Dans le cas de l’embolie pulmonaire, la dyspnée peut être accompagnée ou non d’une douleur thoracique. L’auscultation pulmonaire est le plus souvent normale. La tachycardie et les signes d’insuffisance cardiaque droite sont possibles en cas d’embolie pulmonaire.
En cas de suspicion d’embolie pulmonaire aiguë, la première étape consiste à rechercher un état de choc défini par une pression artérielle systolique (PAS) < 90 mmHg ou une chute de la PAS ≥ 40 mmHg pendant plus de 15 minutes, en dehors d’un contexte de nouvelle arythmie, d’hypovolémie ou de sepsis.1 Si oui, l’embolie pulmonaire est à haut risque de mortalité (5 % des patients suspects d’embolie pulmonaire), et les stratégies diagnostique et thérapeutique diffèrent dans ce contexte.
En l’absence d’hypotension artérielle, la probabilité clinique d’embolie pulmonaire doit être évaluée à l’aide d’un score prédictif validé tel que le score de Wells ou le score de Genève (tableaux 1 et 2).

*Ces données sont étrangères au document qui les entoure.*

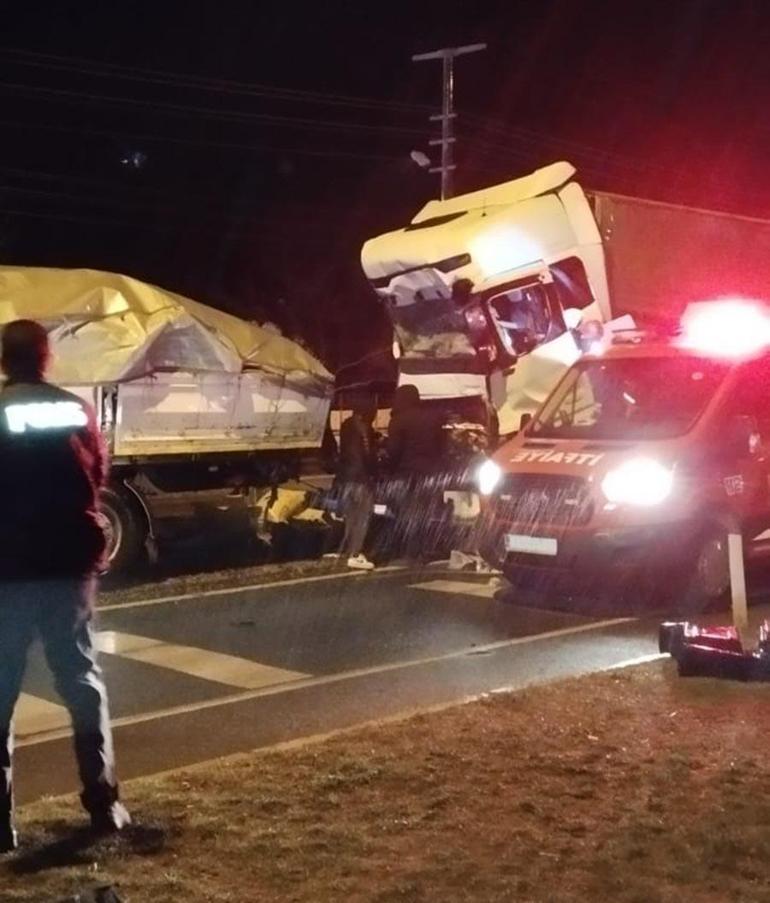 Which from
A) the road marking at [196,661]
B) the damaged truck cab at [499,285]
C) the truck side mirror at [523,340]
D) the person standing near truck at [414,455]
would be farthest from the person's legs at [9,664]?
the truck side mirror at [523,340]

Cette probabilité clinique détermine la stratégie diagnostique.1
En cas de probabilité clinique faible ou intermédiaire d’embolie pulmonaire, la valeur prédictive négative élevée des D-dimères justifie qu’ils soient systématiquement dosés afin de réduire la nécessité de réaliser un examen d’imagerie. Un taux de D-dimères strictement inférieur à 500 µg/L ou inférieur à un seuil adapté à l’âge chez les patients de plus de 50 ans (âge x 10) permet d’exclure le diagnostic d’embolie pulmonaire dans un contexte de probabilité clinique non forte. En cas de D-dimères positifs, la réalisation d’un examen morphologique de confirmation (angiotomodensitométrie [angio-TDM] thoracique ou scintigraphie de ventilation/perfusion) est nécessaire pour porter le diag- nostic d’embolie pulmonaire (fig. 1).
En cas de forte probabilité clinique, la réalisation des D-dimères est inutile. Les examens morphologiques (tomodensitométrie [TDM] ou scintigraphie) sont réalisés d’emblée afin de confirmer ou d’exclure le diagnostic d’embolie pulmonaire (fig. 1). L’échographie veineuse des membres inférieurs est utile lorsque la scintigraphie et la TDM thoracique ne peuvent pas être réalisées. La mise en évidence d’une thrombose veineuse profonde associée à une forte probabilité clinique d’embolie pulmonaire permet de porter le diagnostic. En revanche, l’absence de thrombose veineuse profonde ne permet pas d’exclure le diagnostic d’embolie pulmonaire.
Dans le cas de monsieur M., l’embolie pulmonaire étant probable (en raison de l’antécédent de thrombose veineuse profonde et de la tachycardie à 115 batt/min), l’angio-TDM thoracique est réalisée d’emblée et confirme le diagnostic d’embolie pulmonaire proximale bilatérale (fig. 2) avec dilatation des cavités cardiaques droites et reflux dans la veine cave inférieure.
Quelle prise en charge pour une embolie pulmonaire aiguë ?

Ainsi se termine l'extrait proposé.